# Blue Buffalo Naturally Fresh Non-Clumping Pellet Cat Litter?



## HedgieGirl519 (Oct 21, 2011)

Has anyone used Blue Naturally Fresh Pellet Non-Clumping Cat Litter? Is it safe? I tried finding a picture of the litter, but couldn't find one.

http://www.petco.com/product/117876/Blu ... itter.aspx

_Blue Naturally Fresh Pellet Cat Litter is a major advance in cat litter. A proprietary blend of the fibrous materials in walnut shells is proven to neutralize odor unlike any other pellet litter! Unlike clay litter, which often throws off silica dust, Blue Naturally Fresh is virtually dust free so you and your cat can breathe easier. Blue Naturally Fresh Pellet Cat Litter has more than two times the odor control of leading pellet litters._

[attachment=0:3vip3p8t]859610007585C.jpg[/attachment:3vip3p8t]


----------



## Lilysmommy (Jan 7, 2009)

We had just gotten that in our store right before being told we were closing, and the picture of the pellets I saw looked like they'd be fine to use for hedgies.

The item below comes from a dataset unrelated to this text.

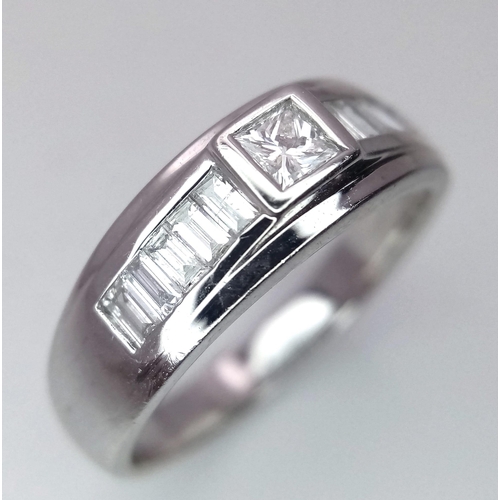 102 - AN 18K WHITE GOLD DIAMOND BAND RING. 0.50ctw Princess and Baguette cut diamonds. Size M, 4.7g total ... 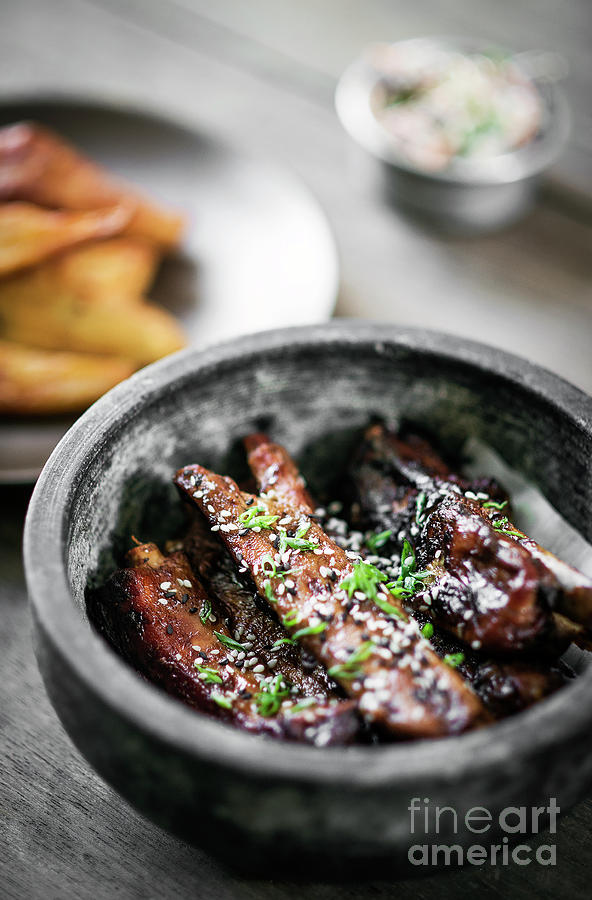 Asian Style Barbeque Spicy Pork Ribs With Sweet Soy Sauce Photograph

It's expensive though, I think more so than Yesterday's News.


----------



## HedgieGirl519 (Oct 21, 2011)

At PetSmart it was actually cheaper, just a little bit. A 30lb bag of Yesterday's New was $19.99. A 17lb bag of Blue was $9.99.


----------



## damarshadow (Aug 19, 2015)

So I got the Walnut based blue naturally non clumping litter however my hedgehog has not had a litter box before so when i introduced it to her she started trying to eat it should i be worried about that


----------